We're starting off with materials from across America and the Caribbean, and will later release materials from Lomax's fieldwork in the British Isles, Spain, and the Soviet Union.  Read more about the campaign in our Folklife Today blogpost.

And then dig in to spend some time traveling along with Lomax!

Photo of Alan Lomax and Raphael Hurtault listening to playback of an audio recording. La Plaine, Dominica. June 1962
  • Greetings from Arlington, Virginia. I did a few pages today from the huge Lomax campaign. They were typed transcripts of taped or filmed interviews — the time codes are a giveaway.

    Call it cheating, but my first thought was,why not use OCR software to get a rough draft? (Not priactical for handwriting, but typescript is a lot easier. So I grabbed an image (screenshot or download both seem to work reasonably well) and loaded it into Abbyy FineReader, a commercial OCR program.

    A typical page gave me only a few errors to correct, plus I had to tweak formatting and add handwritten material. But I definitely felt it was faster than typing. Well, faster than MY typing anyway....

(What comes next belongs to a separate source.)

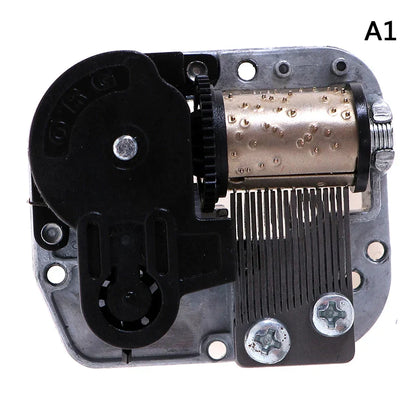 Black plastic and brass music box sankyo mechanical diy windup music box mechanism with gears cylinder and screws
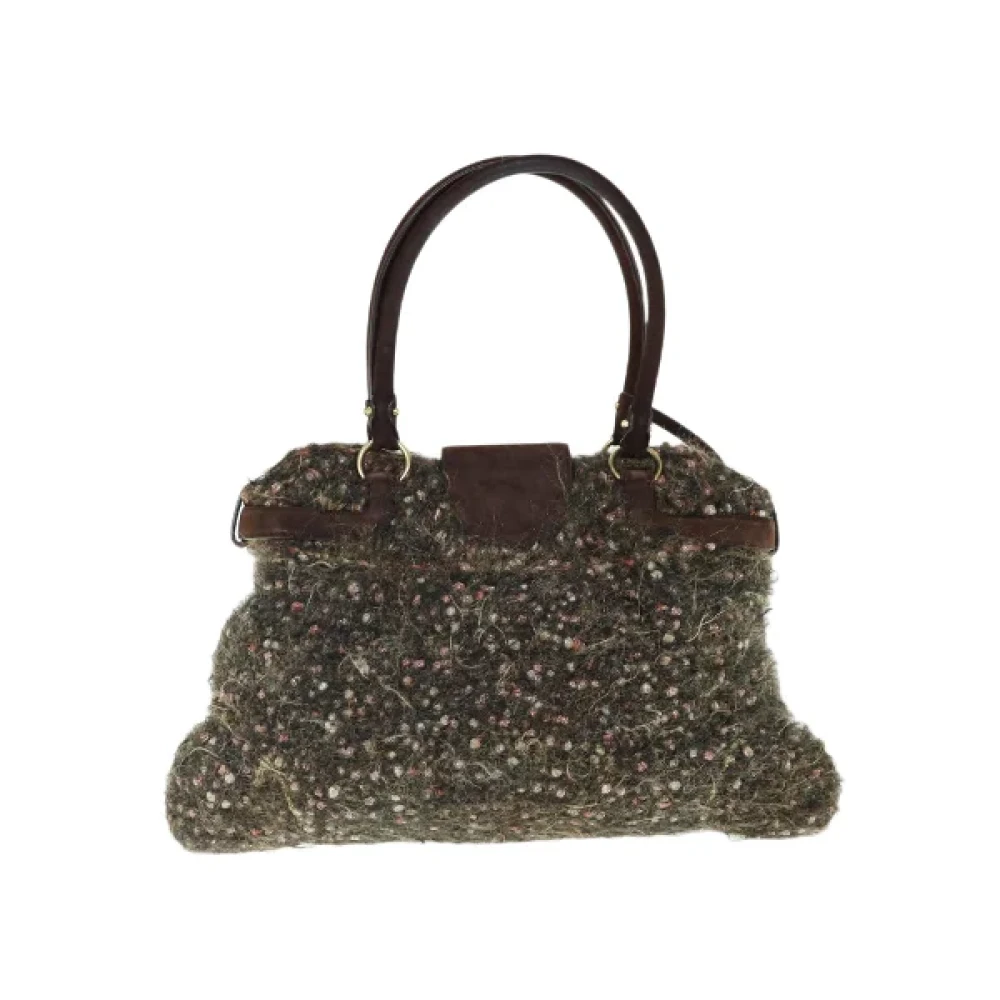 Salvatore Ferragamo Pre-owned Wool handbags Brown Dames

    I wonder if seeding these pages with an OCR'ed 'rough draft' was considered by the LOC folks? Or if they have any objection to the workflow I've described.

    I would also be interested in hearing from any other users who have started with an ORC transcription.


  • How interesting! His Official Personnel Folder for his work with the Library of Congress and the WPA are here at the National Archives at St. Louis and are some of my favorites. Lots of cool notes about the technology he was requesting to use for the first time and collaboration with Zora Neale Hurston!